The strength of UX personas is that they put users first in the design process. For those OER sites that do not have the resources to engage in their own user research, personas provide a design starting point that is grounded in user experience rather than designer assumptions. They also provide more robustness of understanding and clarity about the different types of faculty and librarians who do or potentially could leverage OER. Librarians and faculty are not monolithic user groups, and understanding nuanced differences between the goals, motivations, and pain points of different types of users is important in ensuring the success of OER initiatives more broadly. For example, as noted above, the importance of encouraging faculty to submit and openly license ancillaries along with their OER Textbooks is clearly illuminated in our research, but this had not been previously prioritized as part of programmatic efforts that support OER authoring.
However, one aspect of the use of personas that remains unclear is whether or not the use of names and photographs in personas is necessary in order to achieve the design output, and therefore worth any risk of a potential stereotyping effect. While ISKME OER Commons designers anecdotally confirm that personas are useful in creating user stories to support the design process, it was beyond the scope of this research study to confirm whether the photographs and names used in the faculty and library personas supported empathy and memorability, or if they triggered unconscious biases.

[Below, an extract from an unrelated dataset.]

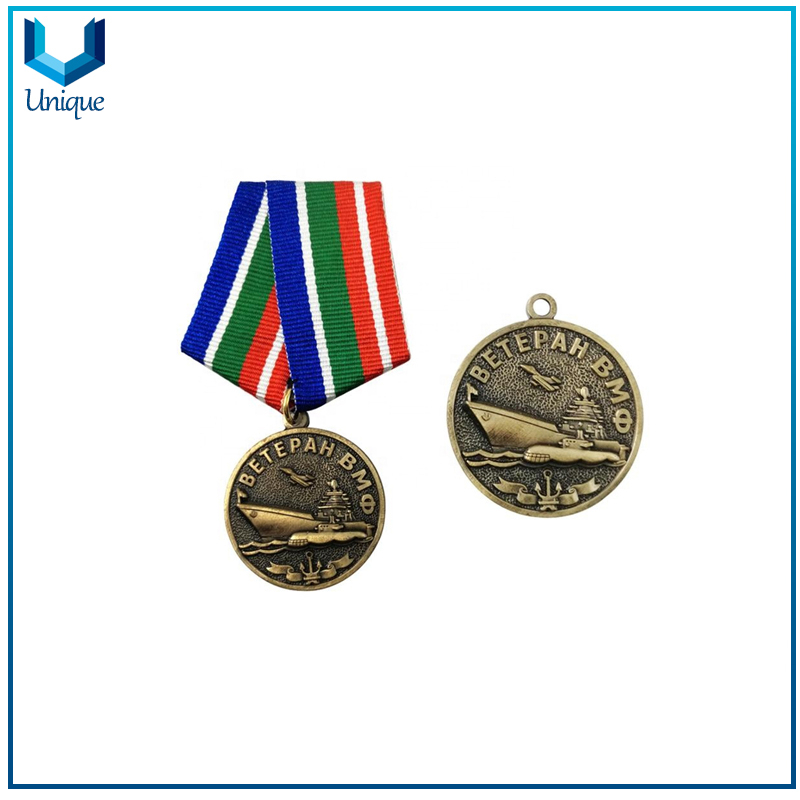 Antique Gold Plating 3D Medal, Military Medal Plaque, Customize Design Medal Trophy W/ Safety Pin for Wearing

Demographic characteristics such as gender and race/ethnicity did not overtly play a role in ISKME’s metadata design decisions, and the collaborative nature of the design process—which included feedback from external partners, as well as ongoing, internal organizational conversations around diversity, equity, inclusion, accessibility, and anti-bias—ideally helped minimize the risk of stereotypes unduly influencing design for this particular project. However, these personas are publically available as OER, and there is arguably a risk, if they are adopted for use in other environments, that stereotyping could be even more likely to occur. For example, photographs and names may read as reinforcing race/ethnicity and/or gender stereotypes about the demographics of different types of librarian jobs. For this reason, those using these personas may want to consider conducting their own stereotype risk assessment and removing or replacing photographs and names as appropriate for their own design environment.
Overall, we found personas to be a valuable way of organizing and summarizing research-based findings on user discovery needs and challenges in a way that generated a suite of actionable design decisions. This research focused on higher-education librarians and faculty in the US, but UX research to develop personas for students and for users in the K–12 space would be an important next step in removing the discoverability barrier for OER use. Furthermore, the global OER community would be enriched by persona studies in different countries in support of a worldwide approach to improving OER discovery, and ultimately in service to the community’s greater goals of global information access and educational equity.